> What is needed
If pictures appear, leave them out, and return exactly the lines from the one holding "As boas oportunidades" through the last line of the listing below.

> Collected data
⟨

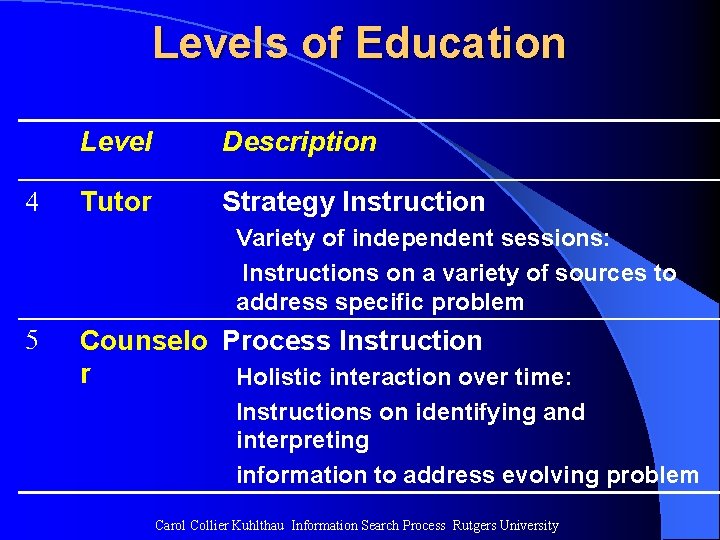 Levels of Education 4 Level Description Tutor Strategy Instruction Variety of independent sessions: Instructions Levels of Education 4 Level Description Tutor Strategy Instruction Variety of independent sessions: Instructions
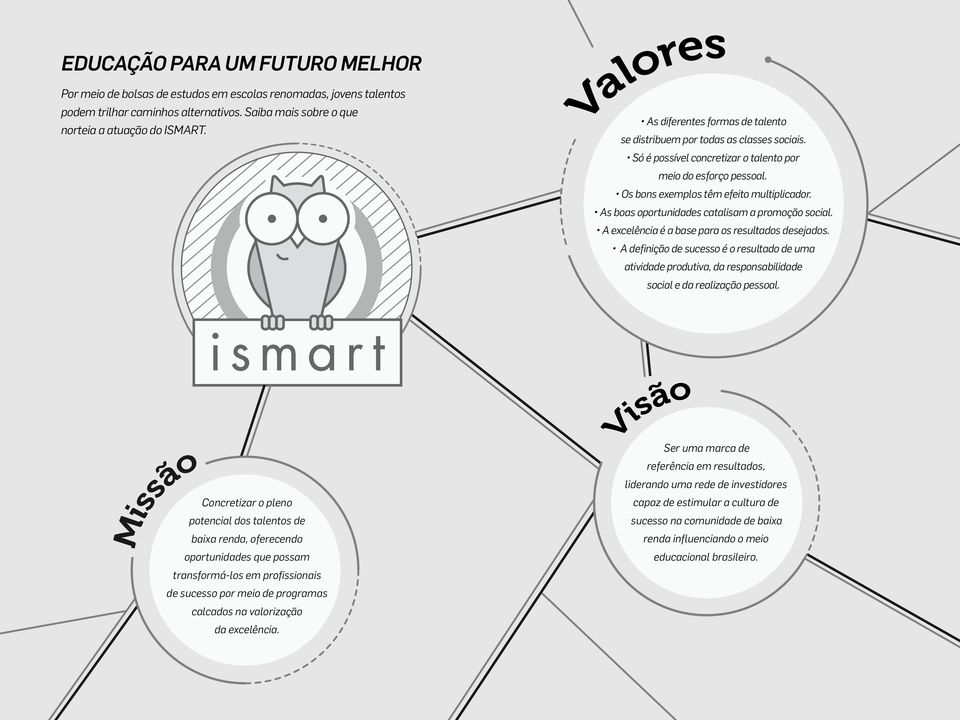 As boas oportunidades catalisam a promoção social. A excelência é a base para os resultados desejados.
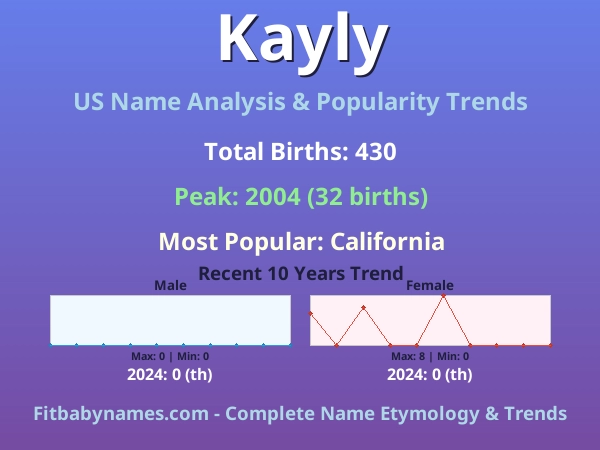 Infographic: Kayly name meaning, origin, and popularity trends in the United States (US baby name analysis chart)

⟩

> Reply to the exercise
 As boas oportunidades catalisam a promoção social. A excelência é a base para os resultados desejados.
 Infographic: Kayly name meaning, origin, and popularity trends in the United States (US baby name analysis chart)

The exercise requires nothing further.